## EXERCISE DETAILS
Write out exactly the lines running from the one with "Flacon rond en" to the end of the data, including both of those lines and excluding pictures.

## COLLECTED DATA

-------

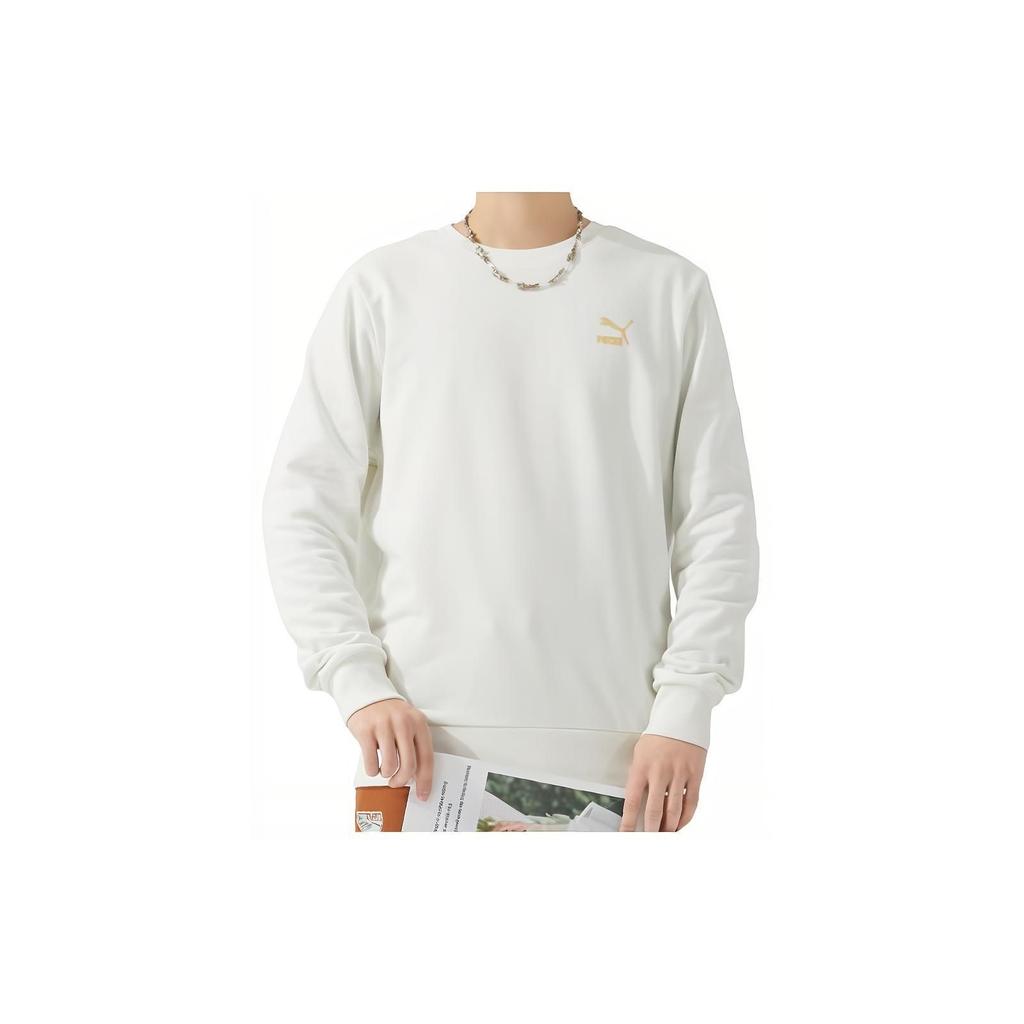 Puma Solid Color Casual Crew Neck Long Sleeve Sweatshirt Unisex Sweatshirt White 625825-65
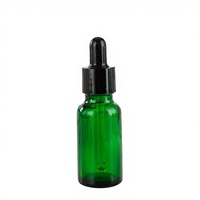 Flacon rond en verre vert pour huile essentielle et crème pour les yeux, flacon cosmétique anti-lumière pour sérum et parfum avec compte-gouttes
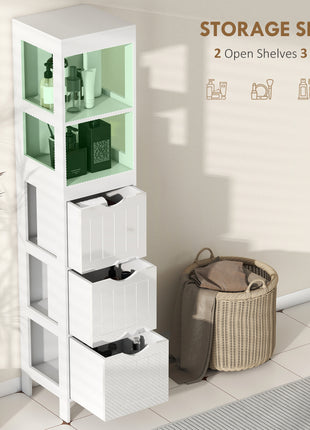 Narrow Bathroom Storage Cabinet, Bathroom Cabinet with 3 Drawers & 2 Open Shelves, Slim Bathroom Floor Cabinet, White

-------

## ANSWER BOX
 Flacon rond en verre vert pour huile essentielle et crème pour les yeux, flacon cosmétique anti-lumière pour sérum et parfum avec compte-gouttes
 Narrow Bathroom Storage Cabinet, Bathroom Cabinet with 3 Drawers & 2 Open Shelves, Slim Bathroom Floor Cabinet, White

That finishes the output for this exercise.